┌─ SUPPLIED DATA

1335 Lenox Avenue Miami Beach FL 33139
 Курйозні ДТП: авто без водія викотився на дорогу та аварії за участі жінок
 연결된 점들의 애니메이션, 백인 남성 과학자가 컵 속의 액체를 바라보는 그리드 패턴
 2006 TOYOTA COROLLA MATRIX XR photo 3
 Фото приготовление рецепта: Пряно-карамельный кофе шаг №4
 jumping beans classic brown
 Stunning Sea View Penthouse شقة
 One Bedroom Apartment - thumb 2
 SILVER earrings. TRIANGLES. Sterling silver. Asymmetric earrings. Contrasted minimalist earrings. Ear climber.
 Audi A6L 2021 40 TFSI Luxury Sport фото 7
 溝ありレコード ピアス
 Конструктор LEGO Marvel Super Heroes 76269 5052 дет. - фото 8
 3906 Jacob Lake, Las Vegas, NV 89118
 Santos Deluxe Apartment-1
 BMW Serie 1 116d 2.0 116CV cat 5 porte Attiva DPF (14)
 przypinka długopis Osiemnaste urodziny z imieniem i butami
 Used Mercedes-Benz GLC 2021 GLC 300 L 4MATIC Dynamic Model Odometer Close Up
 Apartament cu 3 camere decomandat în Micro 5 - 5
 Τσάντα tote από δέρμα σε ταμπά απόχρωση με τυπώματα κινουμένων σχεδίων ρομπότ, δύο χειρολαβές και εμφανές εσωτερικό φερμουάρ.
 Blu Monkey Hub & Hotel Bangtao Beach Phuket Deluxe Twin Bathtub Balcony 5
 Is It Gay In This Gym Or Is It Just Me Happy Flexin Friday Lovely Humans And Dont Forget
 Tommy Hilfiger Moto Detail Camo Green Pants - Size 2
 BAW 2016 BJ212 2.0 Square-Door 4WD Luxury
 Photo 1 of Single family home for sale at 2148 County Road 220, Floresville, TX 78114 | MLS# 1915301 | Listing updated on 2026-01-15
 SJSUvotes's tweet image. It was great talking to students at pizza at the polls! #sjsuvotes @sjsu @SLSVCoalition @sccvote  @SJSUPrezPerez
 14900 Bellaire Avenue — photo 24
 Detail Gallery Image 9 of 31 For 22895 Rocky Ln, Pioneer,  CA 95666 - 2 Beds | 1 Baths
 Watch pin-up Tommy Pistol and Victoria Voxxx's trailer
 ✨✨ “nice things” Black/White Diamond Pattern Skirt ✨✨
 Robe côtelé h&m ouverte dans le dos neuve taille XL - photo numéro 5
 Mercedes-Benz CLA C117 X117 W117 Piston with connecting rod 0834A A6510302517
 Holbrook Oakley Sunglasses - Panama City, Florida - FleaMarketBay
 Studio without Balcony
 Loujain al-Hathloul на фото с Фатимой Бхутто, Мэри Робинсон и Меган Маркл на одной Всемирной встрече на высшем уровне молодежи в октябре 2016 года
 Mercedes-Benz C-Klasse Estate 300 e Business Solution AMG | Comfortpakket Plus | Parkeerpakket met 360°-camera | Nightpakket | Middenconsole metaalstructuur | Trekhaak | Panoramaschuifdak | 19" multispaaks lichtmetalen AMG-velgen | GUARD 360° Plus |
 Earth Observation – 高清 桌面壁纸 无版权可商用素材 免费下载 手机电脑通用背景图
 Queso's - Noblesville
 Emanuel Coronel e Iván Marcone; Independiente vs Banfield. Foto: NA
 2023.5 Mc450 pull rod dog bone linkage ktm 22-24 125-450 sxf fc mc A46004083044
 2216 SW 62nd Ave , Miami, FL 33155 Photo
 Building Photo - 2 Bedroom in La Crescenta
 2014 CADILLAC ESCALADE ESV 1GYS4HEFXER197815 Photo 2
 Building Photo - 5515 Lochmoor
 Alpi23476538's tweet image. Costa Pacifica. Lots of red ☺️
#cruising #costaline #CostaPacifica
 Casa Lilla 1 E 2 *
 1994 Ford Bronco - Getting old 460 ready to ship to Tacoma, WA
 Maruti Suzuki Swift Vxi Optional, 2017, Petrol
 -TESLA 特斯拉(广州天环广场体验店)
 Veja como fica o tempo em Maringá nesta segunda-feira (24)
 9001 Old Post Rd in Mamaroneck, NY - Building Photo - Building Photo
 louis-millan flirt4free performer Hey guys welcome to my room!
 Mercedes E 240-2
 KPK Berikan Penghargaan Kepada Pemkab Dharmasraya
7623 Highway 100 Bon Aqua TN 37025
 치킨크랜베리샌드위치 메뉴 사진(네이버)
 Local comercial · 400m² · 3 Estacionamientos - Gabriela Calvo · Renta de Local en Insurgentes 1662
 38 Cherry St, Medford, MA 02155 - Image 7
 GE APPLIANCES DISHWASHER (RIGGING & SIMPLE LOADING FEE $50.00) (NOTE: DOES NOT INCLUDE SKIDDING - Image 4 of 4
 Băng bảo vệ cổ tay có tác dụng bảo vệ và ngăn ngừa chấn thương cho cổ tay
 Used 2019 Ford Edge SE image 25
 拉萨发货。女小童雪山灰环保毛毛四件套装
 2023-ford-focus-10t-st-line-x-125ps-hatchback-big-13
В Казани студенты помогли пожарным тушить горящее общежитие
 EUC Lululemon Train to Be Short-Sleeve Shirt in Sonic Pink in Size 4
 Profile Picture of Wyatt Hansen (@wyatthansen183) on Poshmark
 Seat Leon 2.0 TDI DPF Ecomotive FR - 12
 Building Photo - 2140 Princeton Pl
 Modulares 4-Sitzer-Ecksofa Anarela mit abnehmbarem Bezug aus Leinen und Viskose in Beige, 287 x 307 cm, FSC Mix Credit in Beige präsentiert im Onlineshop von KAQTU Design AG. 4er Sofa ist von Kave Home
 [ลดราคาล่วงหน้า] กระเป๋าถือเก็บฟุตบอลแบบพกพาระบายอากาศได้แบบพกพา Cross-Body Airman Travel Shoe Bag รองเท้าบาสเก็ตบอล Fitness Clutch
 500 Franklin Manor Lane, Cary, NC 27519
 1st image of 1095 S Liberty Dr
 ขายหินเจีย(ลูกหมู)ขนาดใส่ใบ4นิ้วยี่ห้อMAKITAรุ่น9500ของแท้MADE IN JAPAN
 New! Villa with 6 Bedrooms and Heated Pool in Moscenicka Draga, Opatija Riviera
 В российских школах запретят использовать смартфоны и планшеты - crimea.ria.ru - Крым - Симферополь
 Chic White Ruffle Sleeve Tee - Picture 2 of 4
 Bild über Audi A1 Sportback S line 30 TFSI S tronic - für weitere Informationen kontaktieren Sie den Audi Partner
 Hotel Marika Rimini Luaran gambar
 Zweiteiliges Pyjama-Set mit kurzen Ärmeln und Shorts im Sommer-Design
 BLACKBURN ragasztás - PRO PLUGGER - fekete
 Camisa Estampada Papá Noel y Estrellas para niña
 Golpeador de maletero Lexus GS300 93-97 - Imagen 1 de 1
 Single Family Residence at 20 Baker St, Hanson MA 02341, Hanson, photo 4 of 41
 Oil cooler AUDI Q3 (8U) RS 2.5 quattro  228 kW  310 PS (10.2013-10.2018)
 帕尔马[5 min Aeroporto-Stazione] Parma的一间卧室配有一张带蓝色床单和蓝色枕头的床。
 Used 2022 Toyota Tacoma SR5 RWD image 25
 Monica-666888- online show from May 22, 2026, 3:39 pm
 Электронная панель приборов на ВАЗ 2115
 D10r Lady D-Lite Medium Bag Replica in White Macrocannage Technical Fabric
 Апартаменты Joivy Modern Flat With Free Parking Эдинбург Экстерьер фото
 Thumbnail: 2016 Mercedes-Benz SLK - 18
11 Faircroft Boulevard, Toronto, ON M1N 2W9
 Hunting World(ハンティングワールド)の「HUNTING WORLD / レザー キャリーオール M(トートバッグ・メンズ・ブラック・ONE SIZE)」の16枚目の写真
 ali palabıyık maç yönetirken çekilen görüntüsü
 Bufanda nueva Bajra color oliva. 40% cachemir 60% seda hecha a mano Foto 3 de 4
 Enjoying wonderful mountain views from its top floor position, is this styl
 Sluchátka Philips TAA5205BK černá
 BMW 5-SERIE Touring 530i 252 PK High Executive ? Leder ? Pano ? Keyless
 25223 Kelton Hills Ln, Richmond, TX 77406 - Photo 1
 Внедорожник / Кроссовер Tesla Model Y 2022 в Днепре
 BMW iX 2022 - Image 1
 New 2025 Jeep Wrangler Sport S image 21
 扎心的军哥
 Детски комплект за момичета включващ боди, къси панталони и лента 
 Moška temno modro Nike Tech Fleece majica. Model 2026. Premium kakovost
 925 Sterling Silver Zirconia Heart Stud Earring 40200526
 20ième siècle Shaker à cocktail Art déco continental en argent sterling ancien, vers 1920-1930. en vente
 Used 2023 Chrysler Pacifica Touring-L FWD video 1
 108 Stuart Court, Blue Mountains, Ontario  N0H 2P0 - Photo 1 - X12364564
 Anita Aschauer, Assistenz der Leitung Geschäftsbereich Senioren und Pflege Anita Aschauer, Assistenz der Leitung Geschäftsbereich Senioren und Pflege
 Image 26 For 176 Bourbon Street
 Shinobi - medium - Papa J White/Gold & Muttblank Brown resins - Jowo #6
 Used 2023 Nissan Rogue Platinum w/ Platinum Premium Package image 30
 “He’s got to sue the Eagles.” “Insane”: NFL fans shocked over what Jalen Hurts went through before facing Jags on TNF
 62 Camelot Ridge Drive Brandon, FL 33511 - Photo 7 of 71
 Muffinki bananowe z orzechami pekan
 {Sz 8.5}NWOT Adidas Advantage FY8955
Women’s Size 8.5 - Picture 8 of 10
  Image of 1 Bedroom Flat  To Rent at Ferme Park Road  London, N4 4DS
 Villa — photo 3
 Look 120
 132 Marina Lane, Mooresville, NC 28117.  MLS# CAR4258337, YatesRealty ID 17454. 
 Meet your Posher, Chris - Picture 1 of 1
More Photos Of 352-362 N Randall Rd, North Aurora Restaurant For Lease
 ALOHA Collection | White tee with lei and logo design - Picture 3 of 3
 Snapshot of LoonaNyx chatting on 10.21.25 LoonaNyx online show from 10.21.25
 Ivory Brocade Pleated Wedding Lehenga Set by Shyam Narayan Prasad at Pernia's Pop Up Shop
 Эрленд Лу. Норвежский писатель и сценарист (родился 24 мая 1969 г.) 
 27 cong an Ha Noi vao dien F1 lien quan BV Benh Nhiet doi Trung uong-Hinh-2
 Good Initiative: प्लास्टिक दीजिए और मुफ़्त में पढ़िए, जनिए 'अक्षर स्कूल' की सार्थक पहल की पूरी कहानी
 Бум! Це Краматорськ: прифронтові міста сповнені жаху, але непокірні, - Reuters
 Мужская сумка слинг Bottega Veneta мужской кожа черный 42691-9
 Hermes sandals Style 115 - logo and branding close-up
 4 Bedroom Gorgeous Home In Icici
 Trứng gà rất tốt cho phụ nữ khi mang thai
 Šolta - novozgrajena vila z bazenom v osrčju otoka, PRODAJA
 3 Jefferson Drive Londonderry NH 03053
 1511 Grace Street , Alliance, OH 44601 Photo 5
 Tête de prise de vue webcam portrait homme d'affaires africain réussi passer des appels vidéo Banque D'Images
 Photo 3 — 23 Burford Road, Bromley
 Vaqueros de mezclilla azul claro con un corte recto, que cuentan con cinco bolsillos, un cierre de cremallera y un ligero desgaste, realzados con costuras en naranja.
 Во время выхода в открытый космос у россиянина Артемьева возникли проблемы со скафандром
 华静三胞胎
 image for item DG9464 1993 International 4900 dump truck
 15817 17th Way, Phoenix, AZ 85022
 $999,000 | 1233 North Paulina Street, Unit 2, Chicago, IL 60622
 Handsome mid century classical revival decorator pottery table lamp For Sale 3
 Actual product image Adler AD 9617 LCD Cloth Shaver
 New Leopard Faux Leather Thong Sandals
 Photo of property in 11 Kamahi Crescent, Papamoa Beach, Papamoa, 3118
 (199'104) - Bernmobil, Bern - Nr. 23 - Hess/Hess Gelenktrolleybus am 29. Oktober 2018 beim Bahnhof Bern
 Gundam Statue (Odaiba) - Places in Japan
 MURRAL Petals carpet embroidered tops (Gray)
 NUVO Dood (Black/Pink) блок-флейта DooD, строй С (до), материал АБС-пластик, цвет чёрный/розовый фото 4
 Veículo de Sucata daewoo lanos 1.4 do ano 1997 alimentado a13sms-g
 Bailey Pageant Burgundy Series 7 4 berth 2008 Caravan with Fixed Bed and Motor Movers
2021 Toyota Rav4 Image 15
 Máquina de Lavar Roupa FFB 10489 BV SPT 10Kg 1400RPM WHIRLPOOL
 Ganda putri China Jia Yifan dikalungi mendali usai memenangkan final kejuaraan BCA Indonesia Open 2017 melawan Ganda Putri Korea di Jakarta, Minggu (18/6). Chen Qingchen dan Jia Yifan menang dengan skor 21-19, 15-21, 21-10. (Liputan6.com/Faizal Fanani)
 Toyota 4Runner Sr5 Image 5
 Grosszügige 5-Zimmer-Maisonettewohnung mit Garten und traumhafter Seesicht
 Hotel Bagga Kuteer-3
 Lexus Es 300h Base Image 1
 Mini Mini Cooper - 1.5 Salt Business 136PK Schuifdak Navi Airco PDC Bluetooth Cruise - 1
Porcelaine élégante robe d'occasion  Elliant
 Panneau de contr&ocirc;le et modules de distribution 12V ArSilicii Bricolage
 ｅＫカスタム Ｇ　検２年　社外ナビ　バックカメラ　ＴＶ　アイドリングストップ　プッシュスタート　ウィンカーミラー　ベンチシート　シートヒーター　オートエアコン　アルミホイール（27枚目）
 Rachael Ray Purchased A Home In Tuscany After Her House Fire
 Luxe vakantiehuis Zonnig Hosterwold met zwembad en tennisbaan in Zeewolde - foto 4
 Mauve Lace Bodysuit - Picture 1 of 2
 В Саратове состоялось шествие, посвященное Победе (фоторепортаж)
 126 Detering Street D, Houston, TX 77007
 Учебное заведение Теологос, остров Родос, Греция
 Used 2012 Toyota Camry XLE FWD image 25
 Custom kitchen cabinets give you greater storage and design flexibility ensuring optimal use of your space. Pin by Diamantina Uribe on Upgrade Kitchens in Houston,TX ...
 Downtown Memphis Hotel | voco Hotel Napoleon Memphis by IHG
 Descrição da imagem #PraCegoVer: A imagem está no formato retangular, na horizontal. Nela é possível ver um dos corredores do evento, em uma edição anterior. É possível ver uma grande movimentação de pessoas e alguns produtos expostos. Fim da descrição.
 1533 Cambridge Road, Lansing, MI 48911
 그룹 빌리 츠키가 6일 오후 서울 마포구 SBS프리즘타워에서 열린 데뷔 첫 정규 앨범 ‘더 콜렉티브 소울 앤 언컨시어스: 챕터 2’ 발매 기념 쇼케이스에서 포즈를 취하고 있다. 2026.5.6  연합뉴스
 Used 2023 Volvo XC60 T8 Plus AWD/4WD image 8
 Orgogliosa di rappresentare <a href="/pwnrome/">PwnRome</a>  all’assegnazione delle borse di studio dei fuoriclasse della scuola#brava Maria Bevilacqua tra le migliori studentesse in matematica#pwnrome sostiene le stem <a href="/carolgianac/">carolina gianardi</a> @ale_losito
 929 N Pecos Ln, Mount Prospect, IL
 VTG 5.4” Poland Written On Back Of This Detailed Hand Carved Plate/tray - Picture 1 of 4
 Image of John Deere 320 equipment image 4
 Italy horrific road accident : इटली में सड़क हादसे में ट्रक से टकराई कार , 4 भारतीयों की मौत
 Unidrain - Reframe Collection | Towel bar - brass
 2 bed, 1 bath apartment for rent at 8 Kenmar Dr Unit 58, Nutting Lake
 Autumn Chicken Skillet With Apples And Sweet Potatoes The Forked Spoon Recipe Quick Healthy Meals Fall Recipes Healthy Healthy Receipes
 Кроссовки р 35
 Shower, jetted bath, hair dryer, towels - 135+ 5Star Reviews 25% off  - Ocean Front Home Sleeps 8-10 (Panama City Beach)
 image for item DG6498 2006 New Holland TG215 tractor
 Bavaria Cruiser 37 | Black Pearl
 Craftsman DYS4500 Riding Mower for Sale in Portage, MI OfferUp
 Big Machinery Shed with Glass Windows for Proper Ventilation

└─

▶ _INSTRUCTIONS TO FOLLOW_: Please return the lines above that run from the line containing "Audi A6L 2021 40 TFSI Luxury Sport фото 7" to the line containing "Τσάντα tote από", inclusive, exactly and with no other lines.

▶ _SOLUTION TO THE PROBLEM_:
 Audi A6L 2021 40 TFSI Luxury Sport фото 7
 溝ありレコード ピアス
 Конструктор LEGO Marvel Super Heroes 76269 5052 дет. - фото 8
 3906 Jacob Lake, Las Vegas, NV 89118
 Santos Deluxe Apartment-1
 BMW Serie 1 116d 2.0 116CV cat 5 porte Attiva DPF (14)
 przypinka długopis Osiemnaste urodziny z imieniem i butami
 Used Mercedes-Benz GLC 2021 GLC 300 L 4MATIC Dynamic Model Odometer Close Up
 Apartament cu 3 camere decomandat în Micro 5 - 5
 Τσάντα tote από δέρμα σε ταμπά απόχρωση με τυπώματα κινουμένων σχεδίων ρομπότ, δύο χειρολαβές και εμφανές εσωτερικό φερμουάρ.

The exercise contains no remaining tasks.